Working on some far more interesting stuff to regale you with next week, but for now the combination of nap-boycotting babies and a few extra nephews running around has my writing brain turned into mush for the day. Plus, did I mention I went off coffee to experiment with getting a better handle on energy levels/insomnia? Color me sheepish. As one intrepid reader pointed out on Facebook, #mamaneedsdecaf. Which is accurate. (and which is also gross. High hopes for some of the recommendations you guys left me this morning.)
Anyway, I’ve read a couple great pieces this week that I wanted to pass along, and one interview that YOU ALL MUST WATCH – play it in another browser if it doesn’t open in Safari for you. Thanks to Hallie (who was also kind enough to invite me onto her Sirius XM show yesterday – link coming soon) for bringing it to my faltering attention.

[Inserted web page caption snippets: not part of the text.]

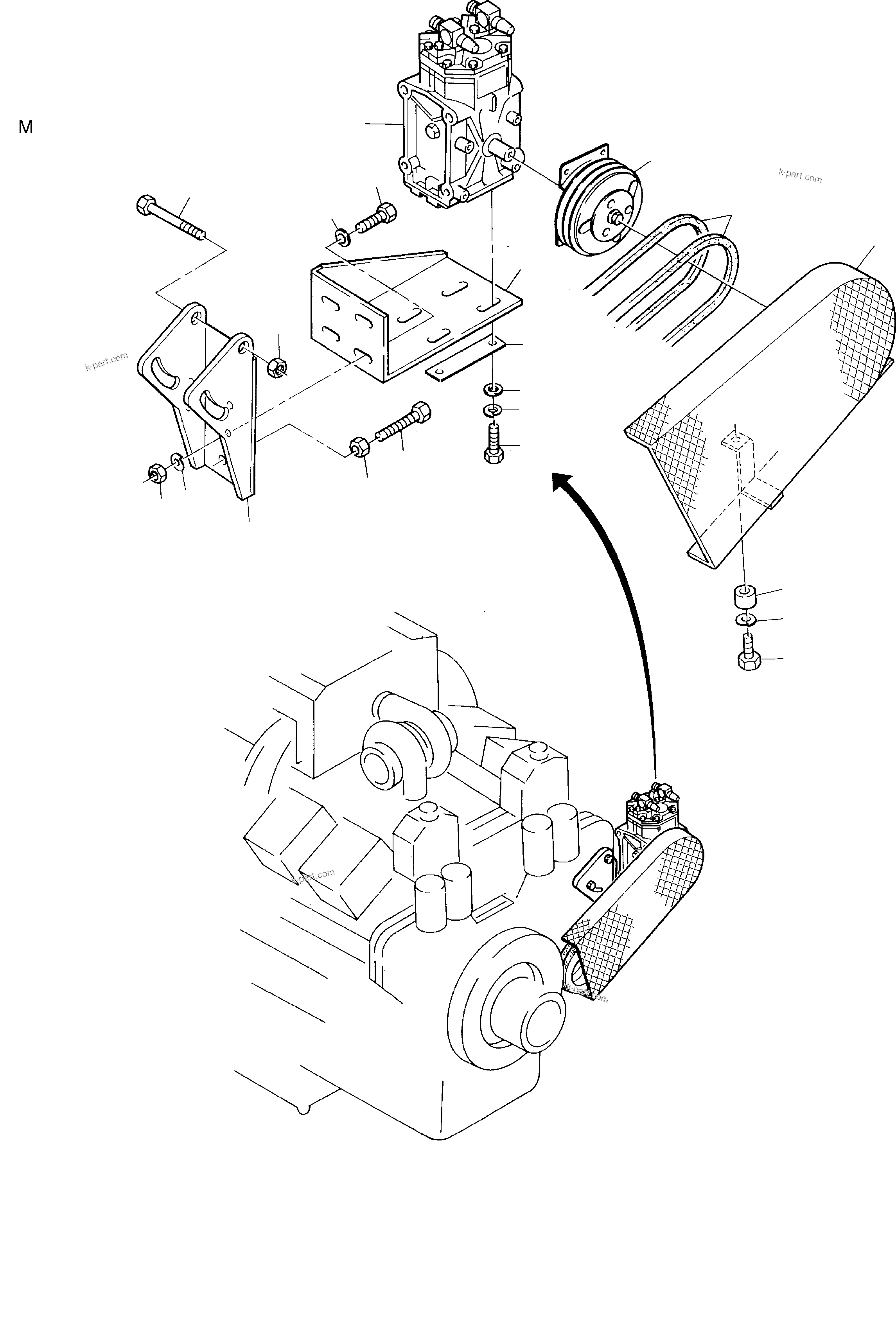 Komatsu parts book diagram for H455S S/N 15005: AIR CONDITION. COMPRESSOR DRIVE
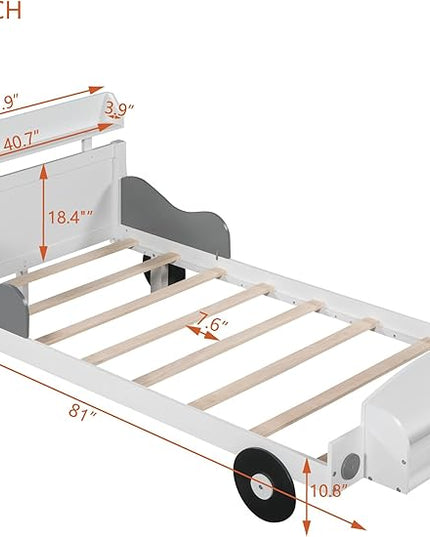 Twin Size Car-Shaped Platform Bed with 2 Storage Shelf,Kids Cars Beds W/Wheels,Slats Support,Saving Space,Easy Assembly,Wood Car Bedframe for Boys Toddlers Teens Bedroom,White - LeafyLoom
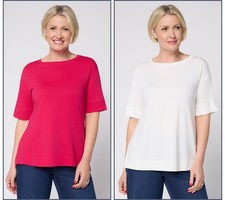 LOGO by Lori Goldstein Principles 2 Pack Elbow Sleeve Tees Red/Marshmallow L New picture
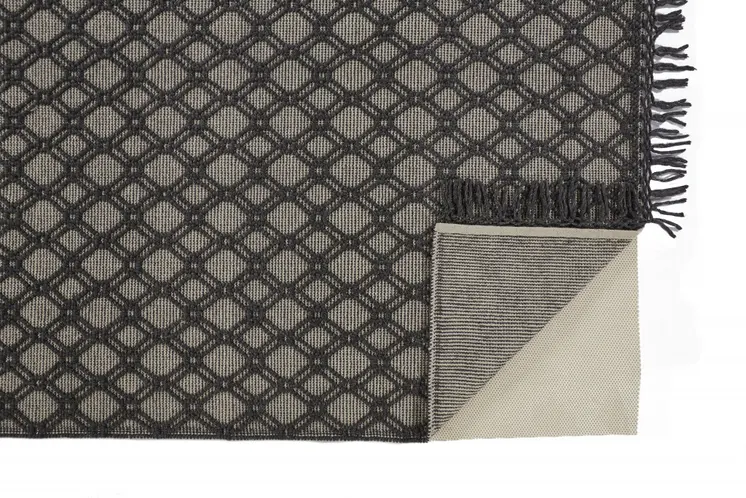 5' X 8' Black And Ivory Wool Geometric Hand Woven Area Rug With Fringe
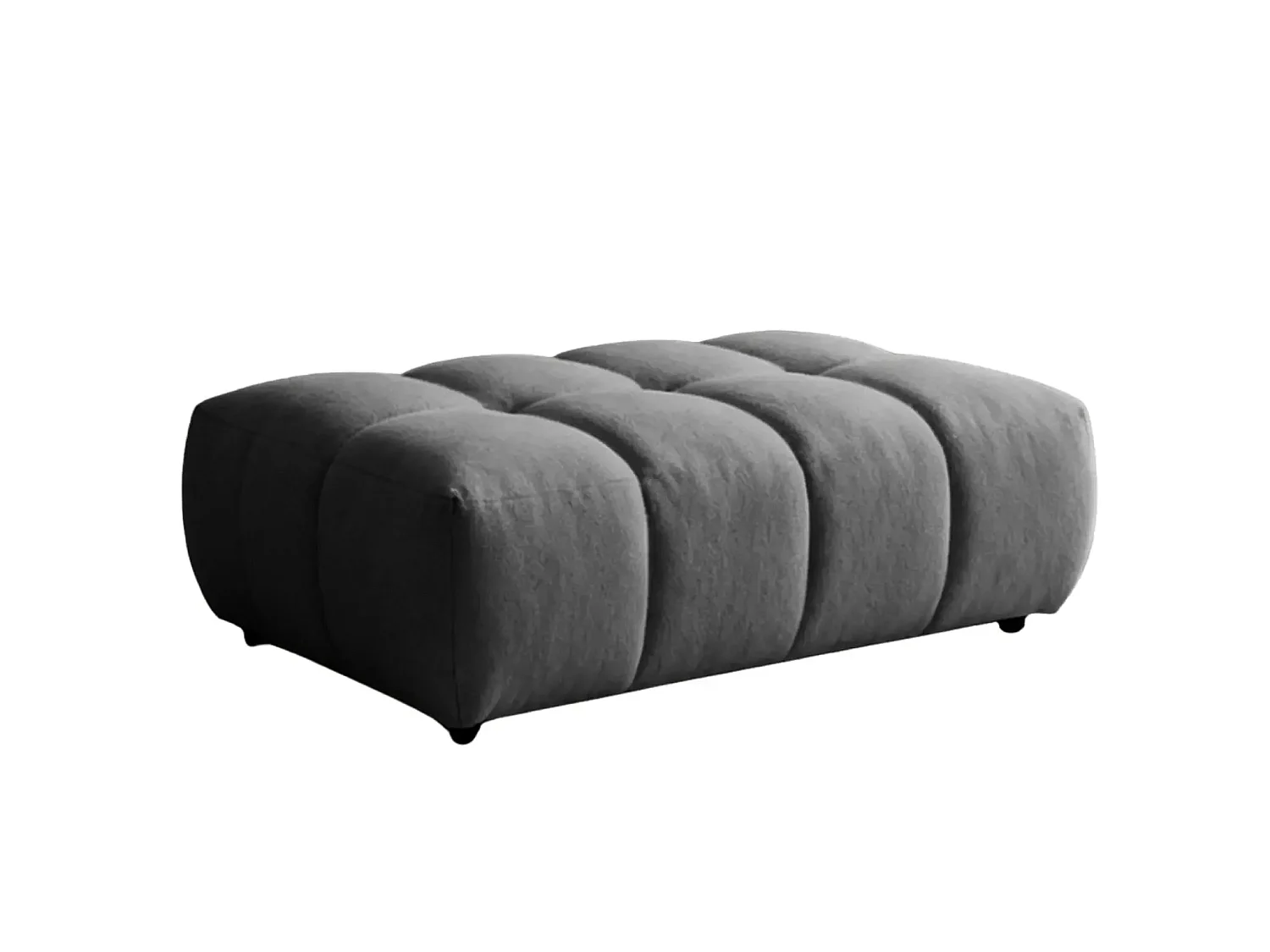 ALEXIA - Pouf en tissu bouclette Gris foncé 120x60x40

And this one. Okay, yeah, I know it’s an ad campaign (and those granola bars, from what I recall from my swim team days, are terrible. Not a hint of chocolate) but it is a poignant truth they hit upon. I am always wracking my brain for ways to get my kids to do stuff outside, even when the weather isn’t great, and I realize that a lot of what keeps me turning to PBS Kids is that I don’t want them to mess up the house or get dirty. Which is sick. I’m really trying to be more intentional about giving them direction to play messily, independently, and boisterously outside, and not clenching my cheeks in terror when they scramble up a tree or jump a fence to grab a ball. Or jump into the wading pool filled with melting ice and mud. With shoes on. I will say that as I detach more and more from my phone and from the endless consumption of entertainment (even if, as is often the case for us grown ups, we cleverly disguise it from ourselves as “news” or “research”) I have more authority to refer them back outside, or down to the basement. Or … you get the picture. Because I also am reading something or mopping something or prepping dinner or helping another kid, so I don’t lack all credibility in their eyes, waving them off with my eyes glued to my phone, telling them and myself that mommy needs a break.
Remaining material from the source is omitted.